#### Required action
Going through the lines below, tally those that include "Apartment", and give only the number.

#### Records shown
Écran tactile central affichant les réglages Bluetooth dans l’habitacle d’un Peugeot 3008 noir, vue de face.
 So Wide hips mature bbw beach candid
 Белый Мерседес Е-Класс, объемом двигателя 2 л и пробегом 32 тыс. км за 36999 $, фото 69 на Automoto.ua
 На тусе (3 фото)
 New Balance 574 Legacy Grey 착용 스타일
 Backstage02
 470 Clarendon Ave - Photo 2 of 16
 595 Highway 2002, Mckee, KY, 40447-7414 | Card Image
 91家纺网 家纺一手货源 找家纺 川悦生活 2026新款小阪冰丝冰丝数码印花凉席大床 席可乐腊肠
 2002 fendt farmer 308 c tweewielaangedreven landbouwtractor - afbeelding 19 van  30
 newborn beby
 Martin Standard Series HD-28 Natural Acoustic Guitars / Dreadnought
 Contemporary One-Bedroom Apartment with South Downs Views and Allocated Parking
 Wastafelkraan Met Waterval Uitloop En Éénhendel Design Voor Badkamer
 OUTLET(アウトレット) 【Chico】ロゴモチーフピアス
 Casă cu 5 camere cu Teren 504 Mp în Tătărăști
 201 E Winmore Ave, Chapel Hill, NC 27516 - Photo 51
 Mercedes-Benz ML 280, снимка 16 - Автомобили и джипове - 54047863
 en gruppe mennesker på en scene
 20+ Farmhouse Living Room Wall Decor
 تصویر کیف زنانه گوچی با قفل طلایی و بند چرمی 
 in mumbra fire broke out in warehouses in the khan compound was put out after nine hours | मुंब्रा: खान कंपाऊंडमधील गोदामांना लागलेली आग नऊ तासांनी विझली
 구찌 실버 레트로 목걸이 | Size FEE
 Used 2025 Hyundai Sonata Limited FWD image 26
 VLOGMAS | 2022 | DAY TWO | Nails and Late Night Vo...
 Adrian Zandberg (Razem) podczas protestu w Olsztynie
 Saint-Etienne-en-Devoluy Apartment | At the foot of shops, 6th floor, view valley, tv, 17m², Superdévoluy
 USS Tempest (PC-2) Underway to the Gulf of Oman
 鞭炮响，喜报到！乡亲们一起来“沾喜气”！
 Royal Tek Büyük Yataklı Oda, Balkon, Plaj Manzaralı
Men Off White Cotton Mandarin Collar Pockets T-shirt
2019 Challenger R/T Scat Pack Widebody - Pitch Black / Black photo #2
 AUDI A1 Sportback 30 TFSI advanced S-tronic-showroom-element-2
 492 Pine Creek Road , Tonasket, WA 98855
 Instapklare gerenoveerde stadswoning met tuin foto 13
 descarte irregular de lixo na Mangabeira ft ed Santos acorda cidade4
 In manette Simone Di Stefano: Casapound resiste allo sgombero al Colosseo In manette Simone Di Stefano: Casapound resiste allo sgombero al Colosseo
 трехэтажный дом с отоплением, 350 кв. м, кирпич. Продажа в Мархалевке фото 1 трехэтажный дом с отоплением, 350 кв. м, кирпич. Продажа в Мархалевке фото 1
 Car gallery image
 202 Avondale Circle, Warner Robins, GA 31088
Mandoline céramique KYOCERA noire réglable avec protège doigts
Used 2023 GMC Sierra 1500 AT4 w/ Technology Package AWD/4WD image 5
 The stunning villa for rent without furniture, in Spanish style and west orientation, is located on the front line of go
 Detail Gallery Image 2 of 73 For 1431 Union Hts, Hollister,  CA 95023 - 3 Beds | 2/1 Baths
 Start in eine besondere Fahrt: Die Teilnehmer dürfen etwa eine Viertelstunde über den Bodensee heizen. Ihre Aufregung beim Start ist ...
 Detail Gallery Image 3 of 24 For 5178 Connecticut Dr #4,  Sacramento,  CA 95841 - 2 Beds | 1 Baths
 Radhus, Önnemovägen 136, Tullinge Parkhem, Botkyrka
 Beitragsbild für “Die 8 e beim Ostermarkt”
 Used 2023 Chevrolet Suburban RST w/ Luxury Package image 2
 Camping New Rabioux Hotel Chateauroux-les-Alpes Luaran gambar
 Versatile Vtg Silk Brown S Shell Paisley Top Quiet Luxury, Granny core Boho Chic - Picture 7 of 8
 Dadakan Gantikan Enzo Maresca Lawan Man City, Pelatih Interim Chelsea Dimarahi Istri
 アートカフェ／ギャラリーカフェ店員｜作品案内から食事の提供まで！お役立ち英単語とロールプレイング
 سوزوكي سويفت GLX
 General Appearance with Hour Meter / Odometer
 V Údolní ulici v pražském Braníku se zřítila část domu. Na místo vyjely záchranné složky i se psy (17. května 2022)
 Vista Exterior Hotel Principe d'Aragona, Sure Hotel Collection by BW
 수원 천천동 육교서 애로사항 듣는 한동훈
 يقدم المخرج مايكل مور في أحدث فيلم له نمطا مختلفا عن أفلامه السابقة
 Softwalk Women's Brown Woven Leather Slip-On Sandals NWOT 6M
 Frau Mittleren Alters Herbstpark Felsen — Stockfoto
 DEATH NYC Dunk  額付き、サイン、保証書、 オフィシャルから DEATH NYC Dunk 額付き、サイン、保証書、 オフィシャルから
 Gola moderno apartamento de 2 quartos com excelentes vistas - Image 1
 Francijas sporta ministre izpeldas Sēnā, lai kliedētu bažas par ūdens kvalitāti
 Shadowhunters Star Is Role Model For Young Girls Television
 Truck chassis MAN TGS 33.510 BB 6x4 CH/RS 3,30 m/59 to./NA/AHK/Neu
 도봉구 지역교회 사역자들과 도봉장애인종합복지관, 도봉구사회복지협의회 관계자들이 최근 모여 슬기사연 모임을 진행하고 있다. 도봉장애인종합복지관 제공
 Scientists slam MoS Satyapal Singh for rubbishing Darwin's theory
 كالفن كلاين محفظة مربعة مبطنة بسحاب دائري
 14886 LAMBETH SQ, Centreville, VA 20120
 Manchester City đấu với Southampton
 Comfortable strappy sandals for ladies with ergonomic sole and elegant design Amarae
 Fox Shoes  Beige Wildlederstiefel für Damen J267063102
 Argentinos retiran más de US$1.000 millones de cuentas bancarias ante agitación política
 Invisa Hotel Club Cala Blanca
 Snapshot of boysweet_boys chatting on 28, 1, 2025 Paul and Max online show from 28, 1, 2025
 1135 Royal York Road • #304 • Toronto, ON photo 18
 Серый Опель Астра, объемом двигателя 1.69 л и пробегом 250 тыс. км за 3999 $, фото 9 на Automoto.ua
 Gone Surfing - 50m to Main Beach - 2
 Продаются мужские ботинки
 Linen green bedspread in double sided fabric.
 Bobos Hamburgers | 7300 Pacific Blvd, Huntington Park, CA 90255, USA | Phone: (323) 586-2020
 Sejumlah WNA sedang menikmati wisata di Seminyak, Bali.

#### Answer to this problem
2